Страница 153 из 170
— Если я не ошибаюсь, вы сказали нам в тот, первый раз, что с вами живут ваш ученик и старушка, которая ведет ваше хозяйство, и что у вас один ребенок.
— Один ребенок? — Неужели он так озлоблен против мальчика, так отдалился от него и так решительно порвал с ним, что у чужих людей сложилось впечатление, будто Титуса вовсе не существует? — Нет, госпожа де Барриос, у меня двое детей — дочь пятнадцати лет от второй жены и двадцатилетний сын от первого брака. Оба они живут со мной: девочка помогает вести хозяйство, сын продает мои гравюры и полотна. Но Титус очень много работает, я почти не вижу его и думаю, что нам с ним недолго жить вместе — он скоро женится.

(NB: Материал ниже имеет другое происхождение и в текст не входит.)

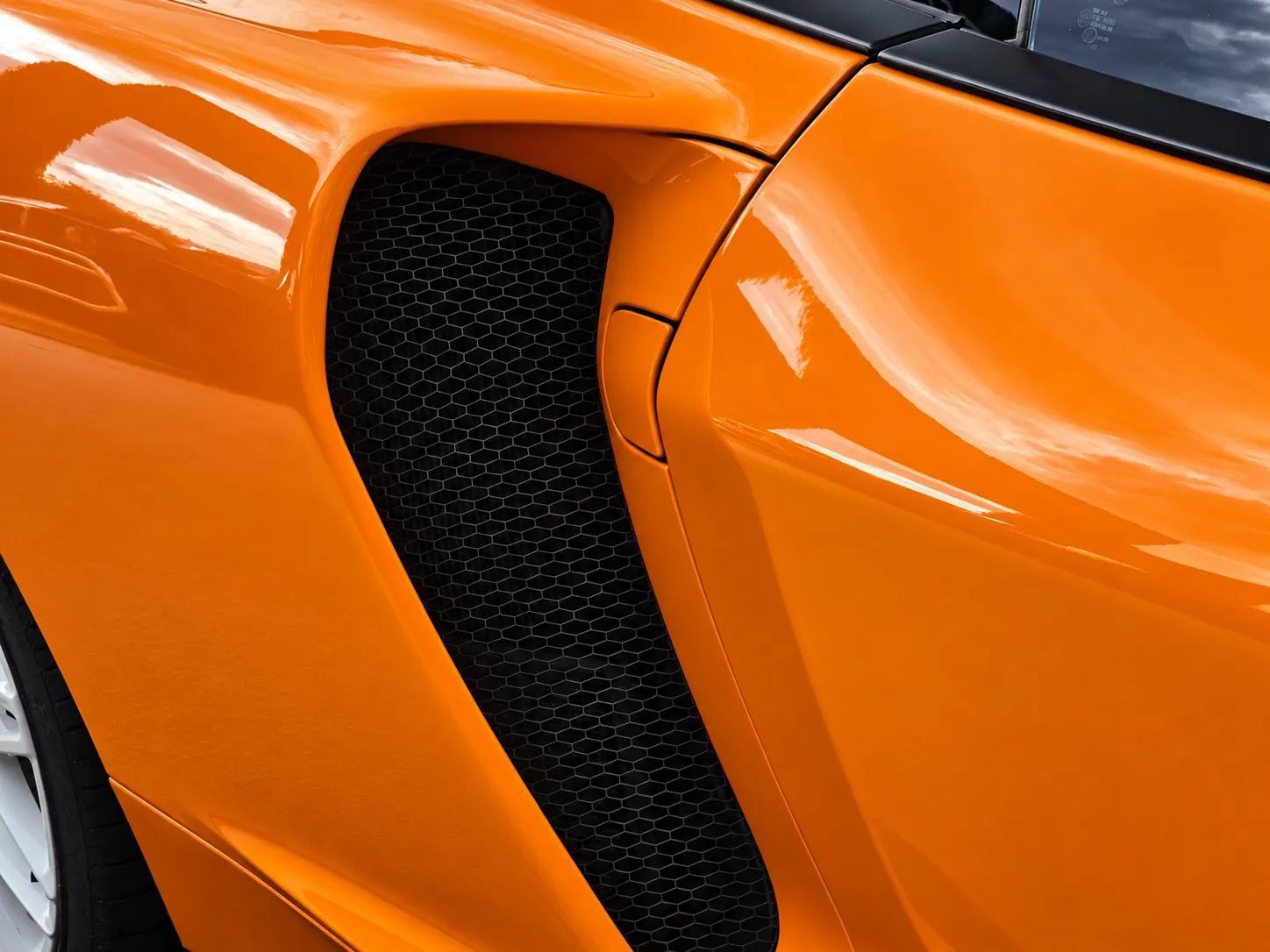 Used 2023 McLaren GT RWD image 18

— Так уж повелось в жизни, — вздохнула Абигайль, словно представив себе день, когда и ее собственное дитя уйдет из дому. — Дети вырастают, женятся, и свадьба приносит радость всем, кроме родителей. Я думаю, когда они оба живы, им легче — остается хоть кто-то близкий. Но, конечно, если это удачный брак…

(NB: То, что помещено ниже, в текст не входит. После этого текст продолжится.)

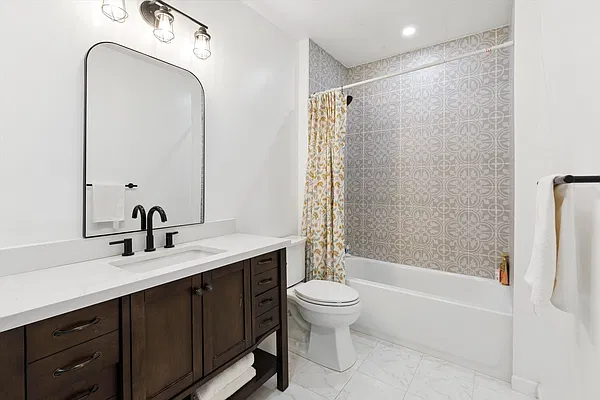 Bathroom, photo 3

— Удачный? Вот уж не сказал бы, — бросил художник, с силой поставив натянутый холст на мольберт.
— Неужели? — Вид у Абигайль стал испуганный и удивленный, между светлыми бровями легла морщинка, цветок в руке слегка дрогнул. — Девушка не пара вашему сыну? — спросила она и тут же пояснила, словно пытаясь смягчить резкость своих слов. — Значит, она стоит ниже вашего сына и он мог бы сделать лучший выбор?
Рембрандт взял палитру и начал выдавливать на нее краску, которая нужна была ему для контура — светло-серую, составленную из черной с примесью охры и белил. Да, Титус стоял выше Магдалены ван Лоо, но стоит ли он выше ее сейчас? — спросил себя художник, и сердце его болезненно сжалось. Мальчик изменился, и перемена эта, происшедшая так незаметно, что отдельные ее стадии были уже неразличимы, была достаточно страшной сама по себе. А ведь она, кроме того, влекла за собой неизбежные и горестные вопросы. «Не я ли виновен в том, что у Титуса впалые щеки, что он безразличен ко всему и вечно молчит? — думал художник. — Не начался ли этот упадок с того дня, когда я бросился с ножом на „Цивилиса“? Не отнял ли я у сына любовь, которую могла бы дать ему мачеха в последние годы своей жизни? И так ли уж удивительно, что мой сын, живший вместе со мной в сумятице поддельной роскоши, а затем в бессмысленной нищете, считает скучный дом на Сингел олицетворением порядка, довольства и покоя?»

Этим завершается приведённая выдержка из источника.